A cotação internacional do petróleo, do tipo Brent, negociado
em Londres, recuou ontem 5,9%, a US$ 53,11, segundo dados da Bloomberg,
o menor patamar desde 1 de maio de 2009. Já o WTI, em Nova York, teve
queda de 5%, a US$ 50,04, a menor cotação desde 28 de abril de 2009. Na
mínima do dia, atingiu US$ 49,77.
Especialistas entendem que o petróleo não continuará por muito
tempo em patamares tão baixos e, como os investimentos na produção são
de médio e longo prazos, o pré-sal não será inviabilizado. Ponderam, no entanto, que a
Petrobras, terá mais dificuldades para captar recursos para os
projetos, em meio às investigações da Operação Lava-Jato.

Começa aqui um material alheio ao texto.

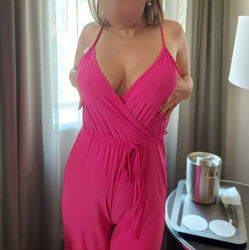 Escorts Quincy, Massachusetts angelathompson7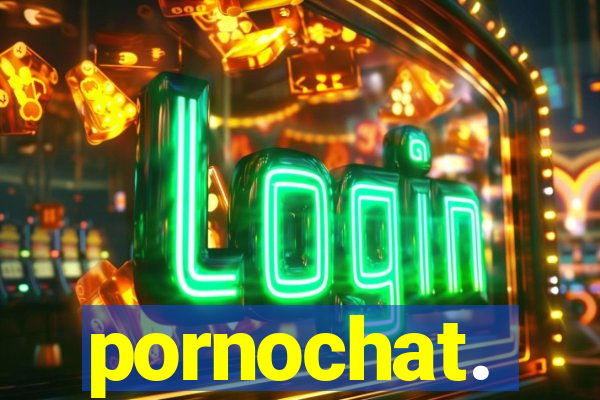 pornochat.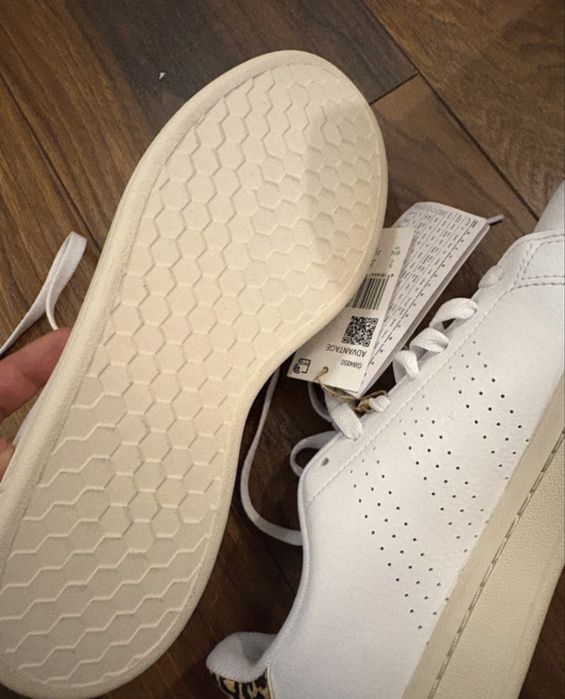 Adidas Adventure 38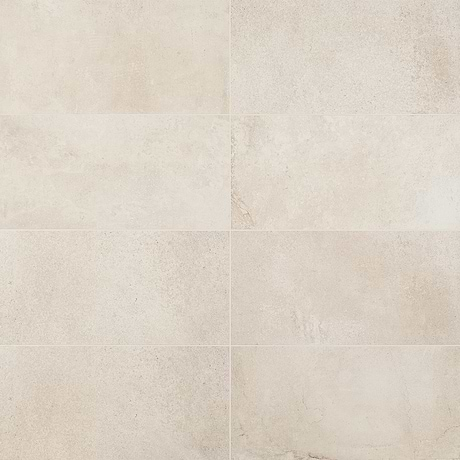 Bronx Sand 12x24 Matte Porcelain Tile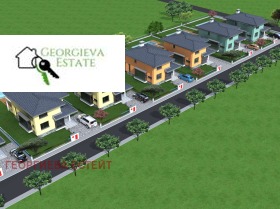 ������� ������ | Imot.bg � ����� ������ 13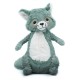 Netoitou Raccoon green
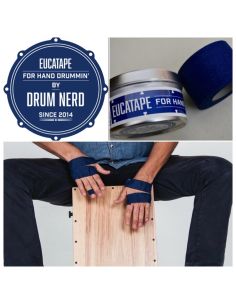 Купить Лента защитная Ahead ETB 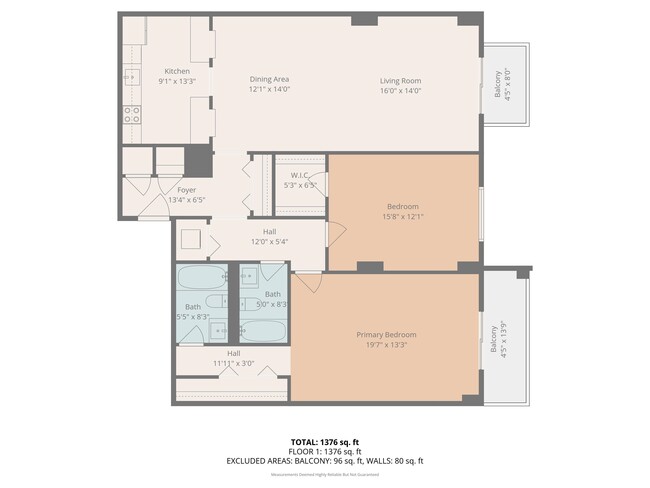 Building Photo - 207 Shearwater Ct W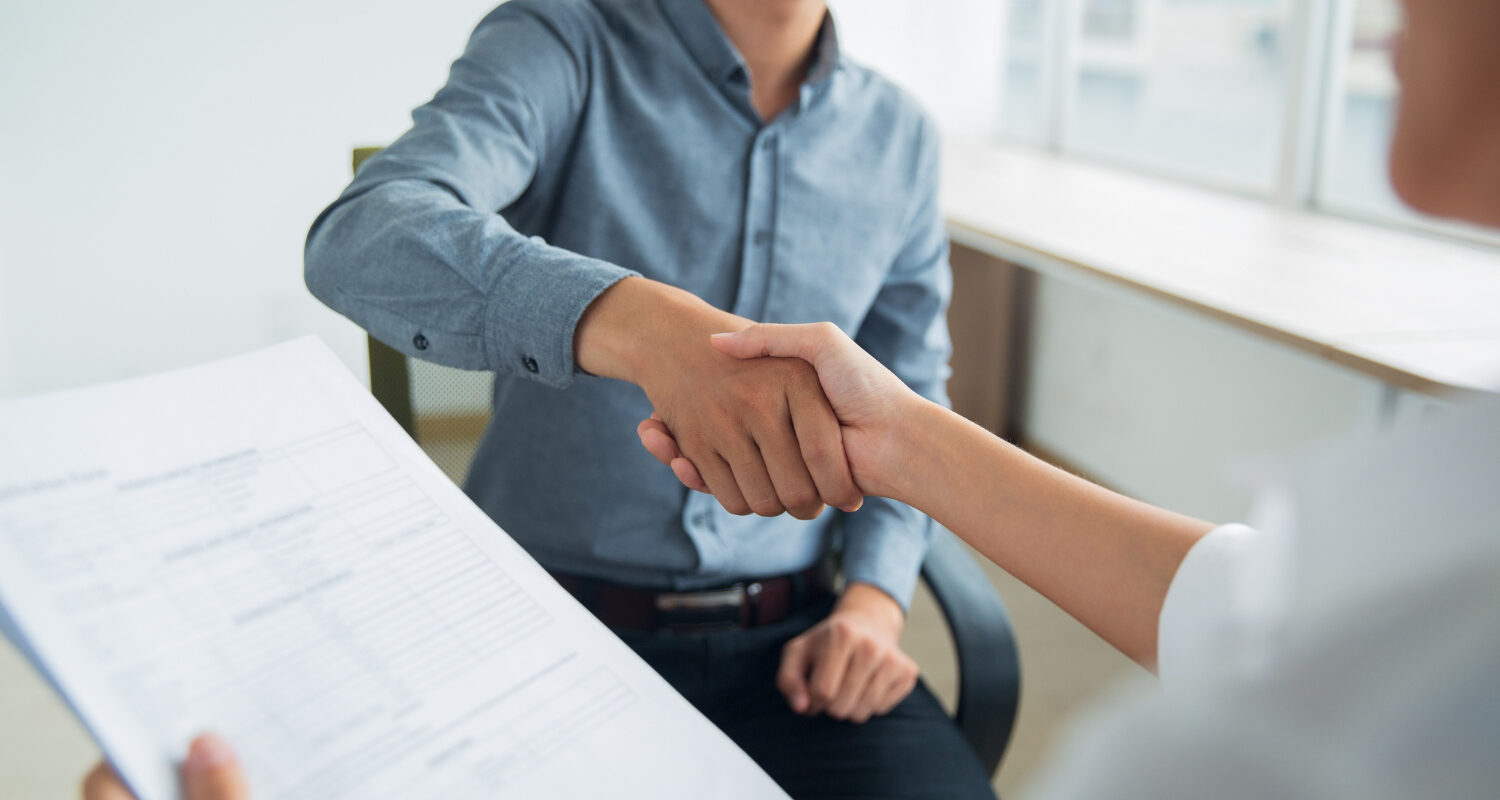 CLEMiC lanza su portal de empleos: transparencia y oportunidades para toda la comunidad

Para o economista Marcel Caparoz, da RC Consultores, os preços do
petróleo devem ficar entre US$ 60 e US$ 70 a médio prazo (de dois a três
anos), pois a demanda global pela commodity não vai acabar.
"O pré-sal continua viável, mas não é mais aquela galinha dos ovos
de ouro que iria mudar a economia brasileira. Perdeu-se muitos anos
discutindo a divisão dos royalties que não virão mais no volume esperado", criticou Caparoz.